◆ The task: Wherever the records include pictures, skip them and transcribe all the rest word for word.

◆ Stored data:

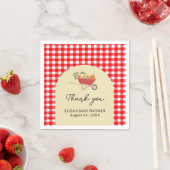 Rustiek lokaal geteeld Red Gingham Baby shower Servet (Insitu)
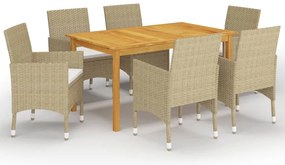 vidaXL Σετ Τραπεζαρίας Κήπου 7 Τεμαχίων Μπεζ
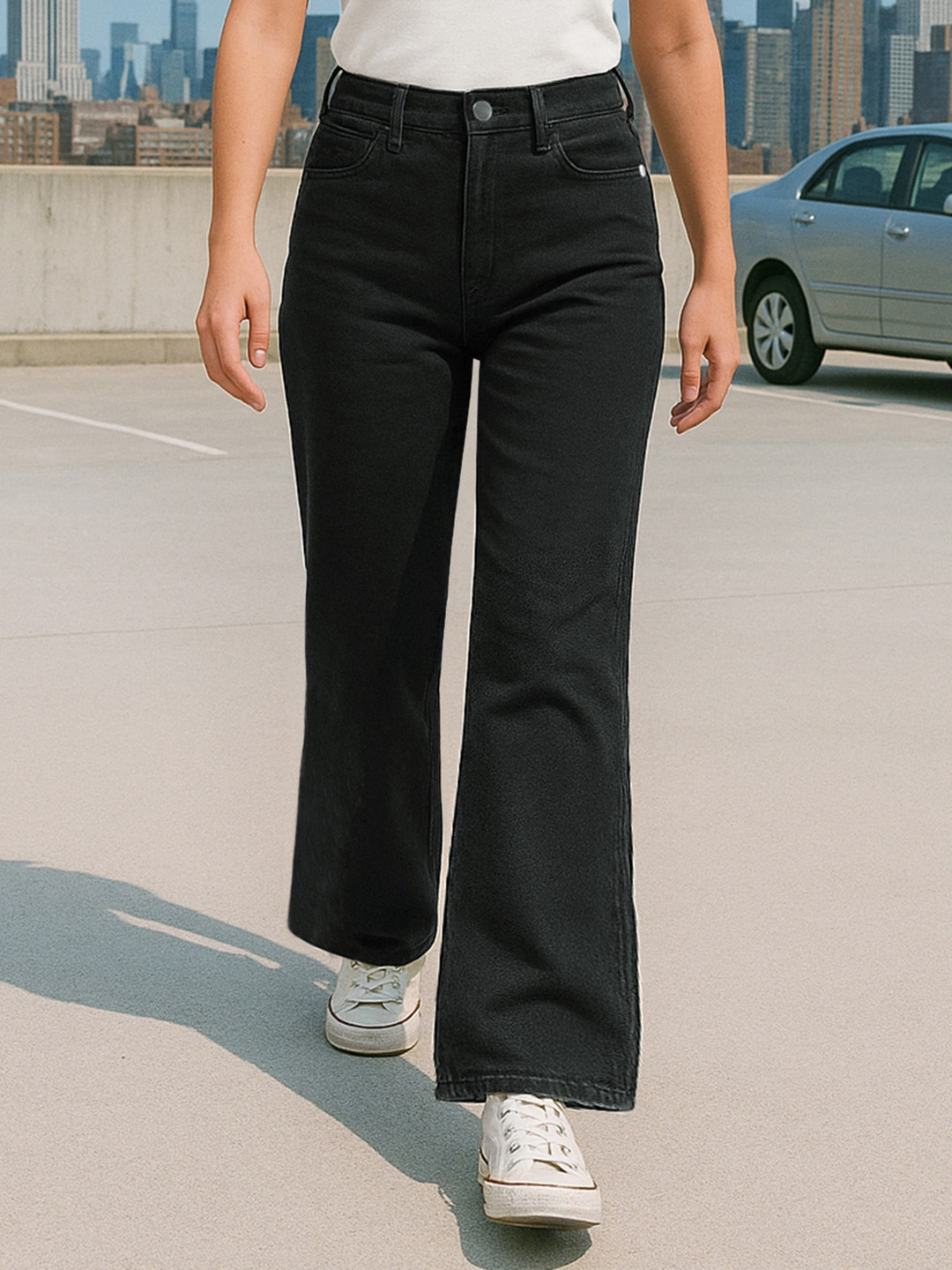 Bewakoof Women Baggy Wide Leg High-Rise Clean Look Cotton Jeans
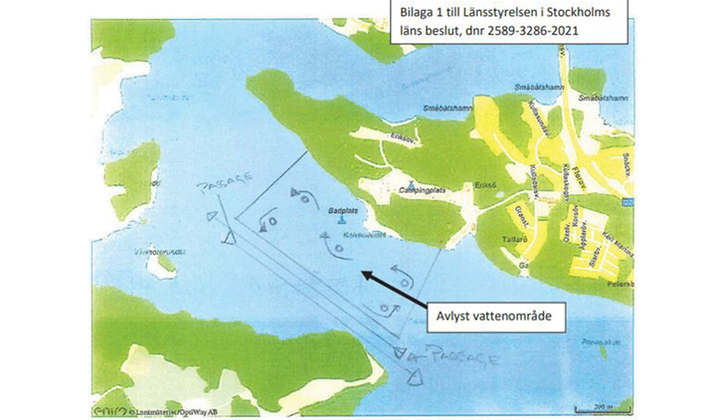 Bilaga 1 till Länsstyrelsen i Stockholms läns beslut, diarienummer 2589-3286-2021. En karta som visar platsen för avlyst vattenområde.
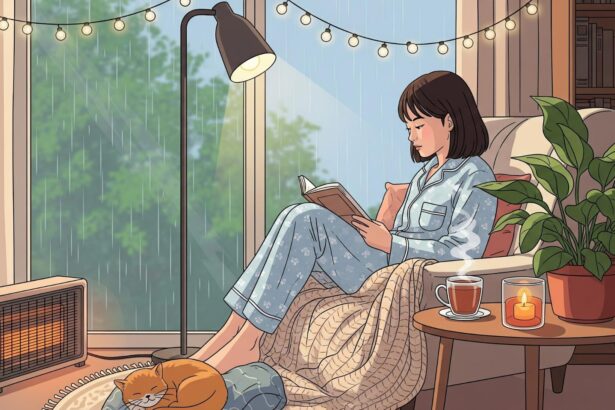 woman reading in cozy winter nook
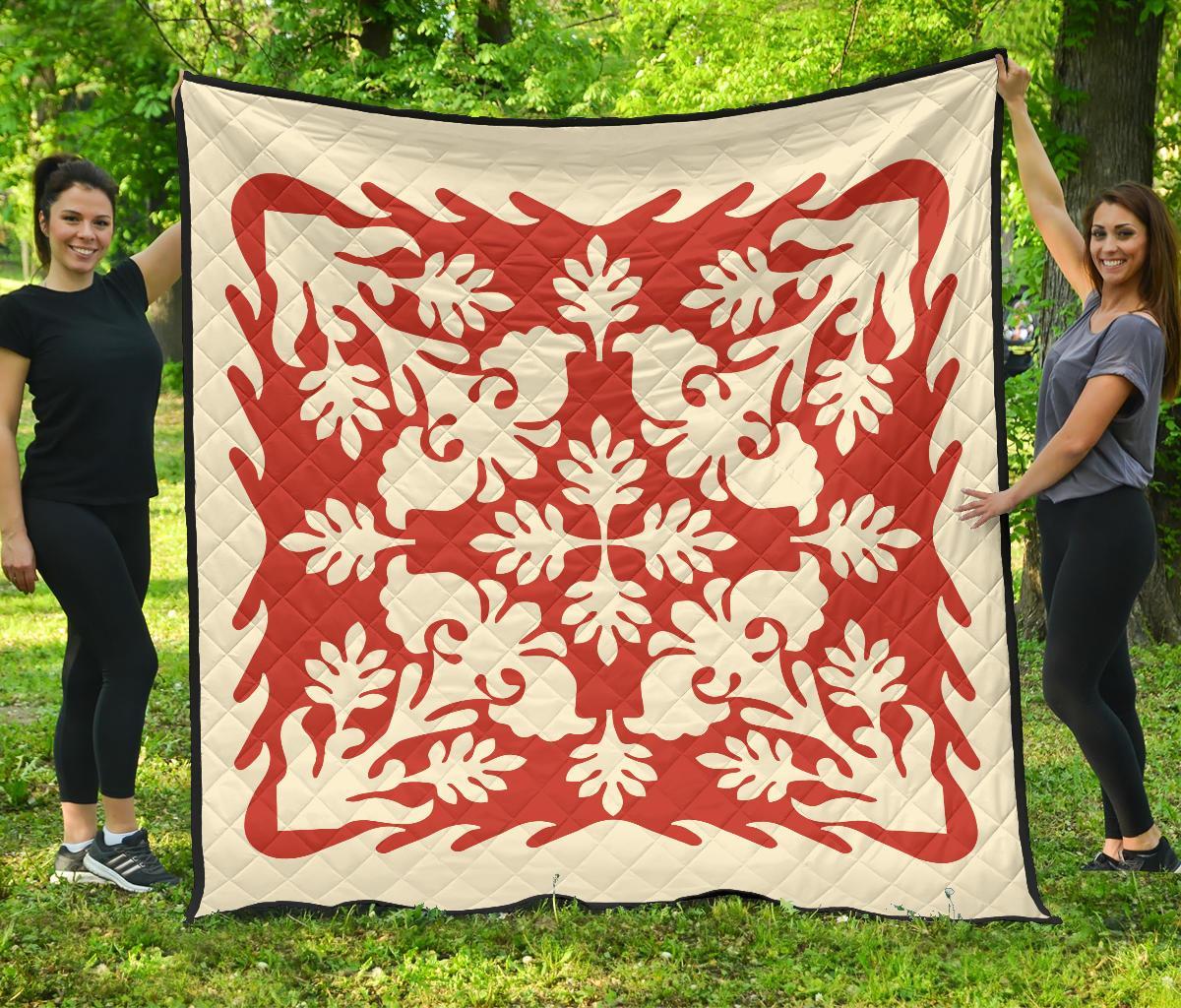 Hawaiian Tropical Pattern Premium Quilt - Red - Argu Style - AH Red - Polynesian Pride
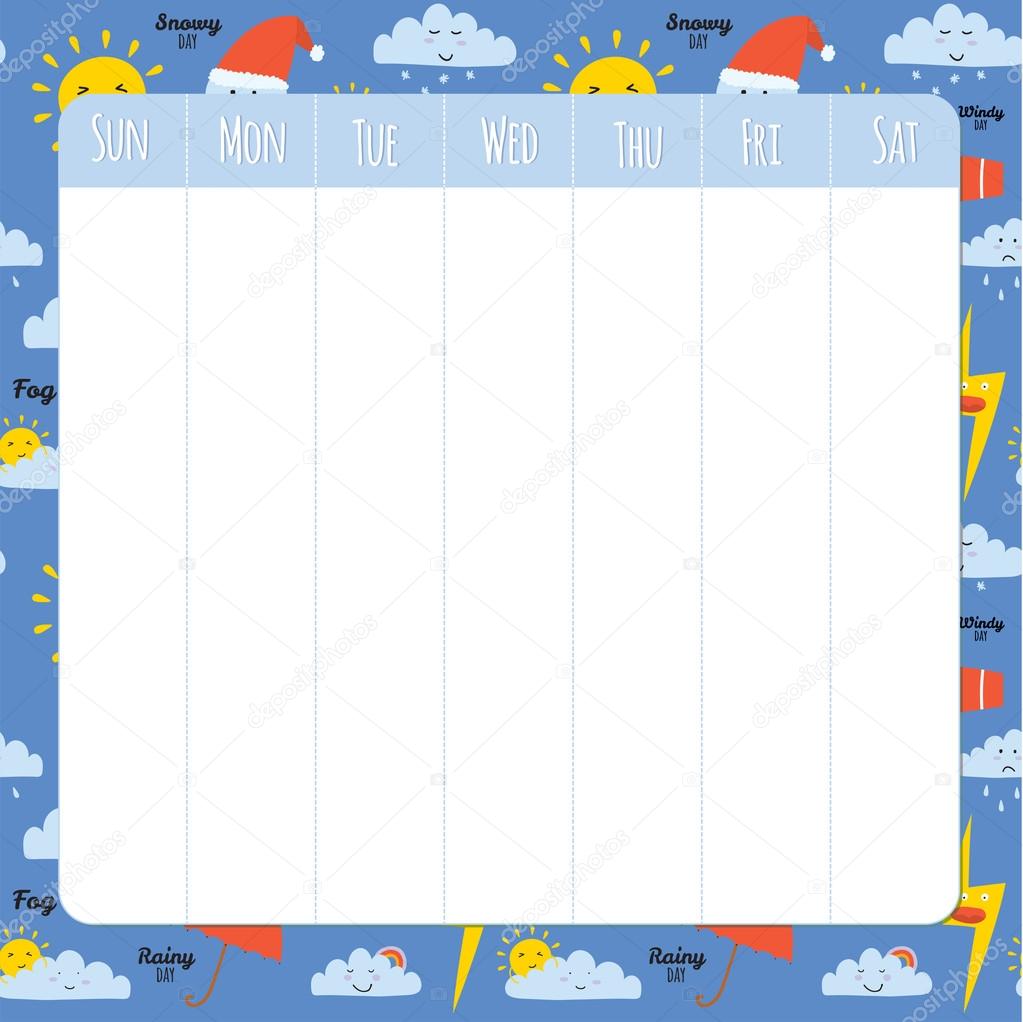 Unusual seamless vector childish pattern with cartoon and funny smiley weather icons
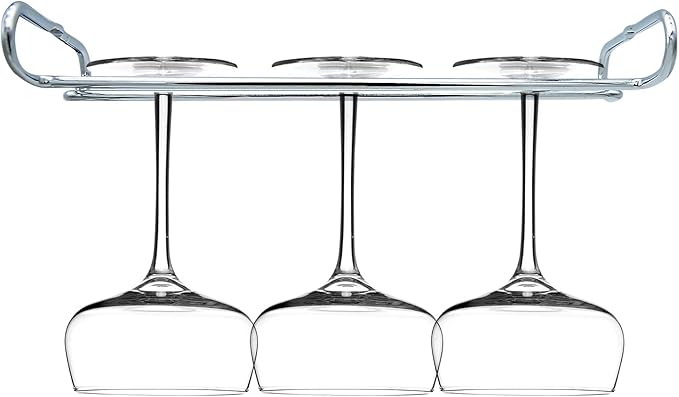 10 Inch Wine Glass Rack Under Cabinet Shelf Stemware Storage Hanging Hanger Organizer Glasses Holder with Drying Under Counter Metal for Kitchen and Bar Set of 2 Silver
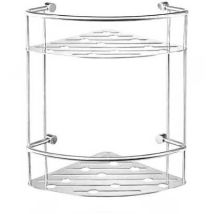 Chrom-Doppelduschecke aus Edelstahl 18/10 – Innovatives Design für modernes Badezimmer – 20 x H.30 x 20 cm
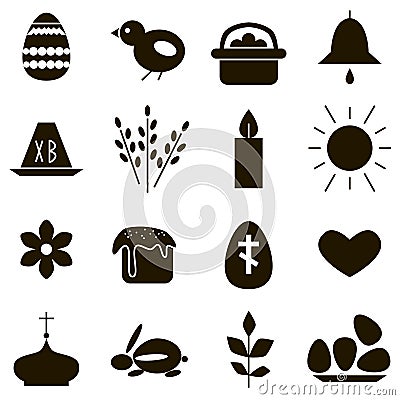 Easter spring black icons Vector Illustration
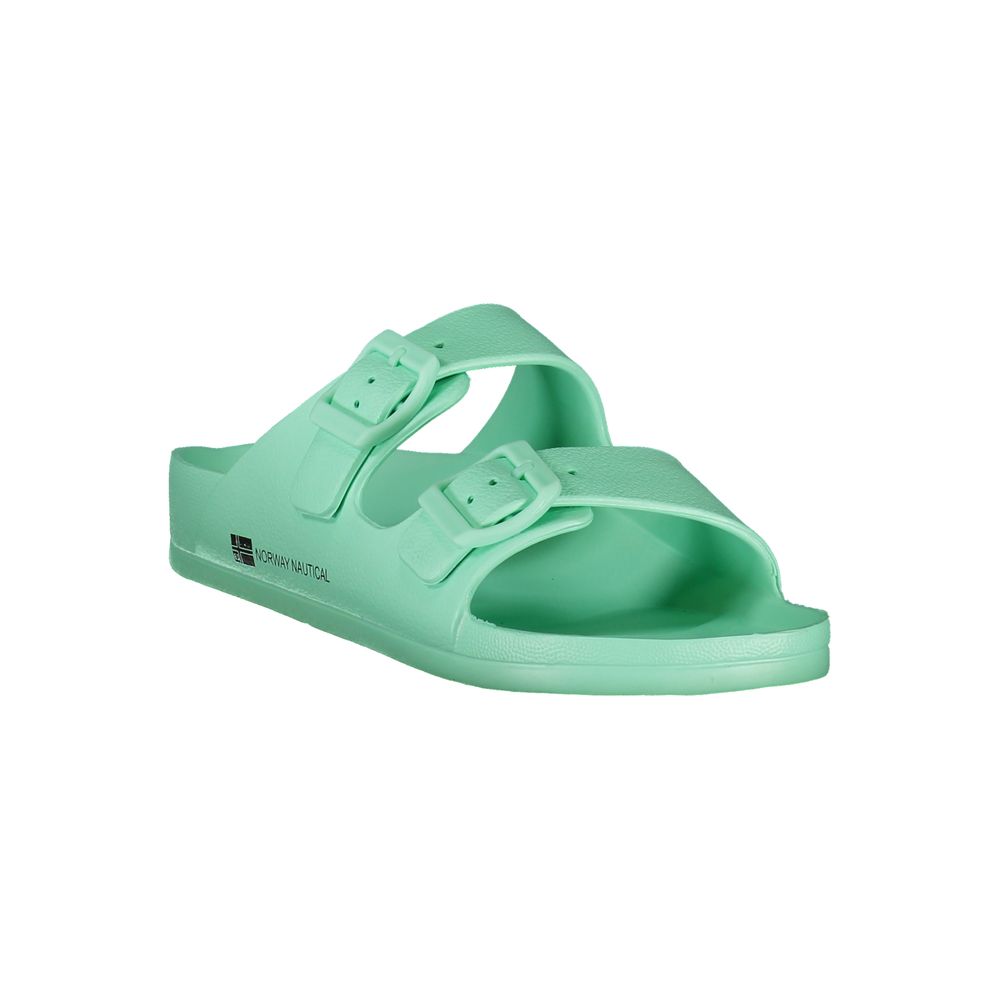 Norway 1963 Green Plastic Women Sandal with dual buckles and signature logo, perfect for trendsetters seeking unique style and comfort.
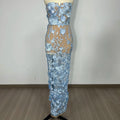 Sexy Strapless Embroidery Flower Long Dress Women Sleeveless Structured Floral Slim Elegant Party Cocktail Evening Gowns Blue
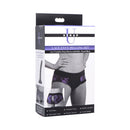 Strap U Lace Envy Pegging Set Purple and Black packaging featuring a crotchless harness and silicone dildo.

◆ Your response:
 Rustiek lokaal geteeld Red Gingham Baby shower Servet (Insitu)
 vidaXL Σετ Τραπεζαρίας Κήπου 7 Τεμαχίων Μπεζ
 Bewakoof Women Baggy Wide Leg High-Rise Clean Look Cotton Jeans
 Bilaga 1 till Länsstyrelsen i Stockholms läns beslut, diarienummer 2589-3286-2021. En karta som visar platsen för avlyst vattenområde.
 woman reading in cozy winter nook
 Hawaiian Tropical Pattern Premium Quilt - Red - Argu Style - AH Red - Polynesian Pride
 Unusual seamless vector childish pattern with cartoon and funny smiley weather icons
 10 Inch Wine Glass Rack Under Cabinet Shelf Stemware Storage Hanging Hanger Organizer Glasses Holder with Drying Under Counter Metal for Kitchen and Bar Set of 2 Silver
 Chrom-Doppelduschecke aus Edelstahl 18/10 – Innovatives Design für modernes Badezimmer – 20 x H.30 x 20 cm
 Easter spring black icons Vector Illustration
 Norway 1963 Green Plastic Women Sandal with dual buckles and signature logo, perfect for trendsetters seeking unique style and comfort.
 Sexy Strapless Embroidery Flower Long Dress Women Sleeveless Structured Floral Slim Elegant Party Cocktail Evening Gowns Blue
 Strap U Lace Envy Pegging Set Purple and Black packaging featuring a crotchless harness and silicone dildo.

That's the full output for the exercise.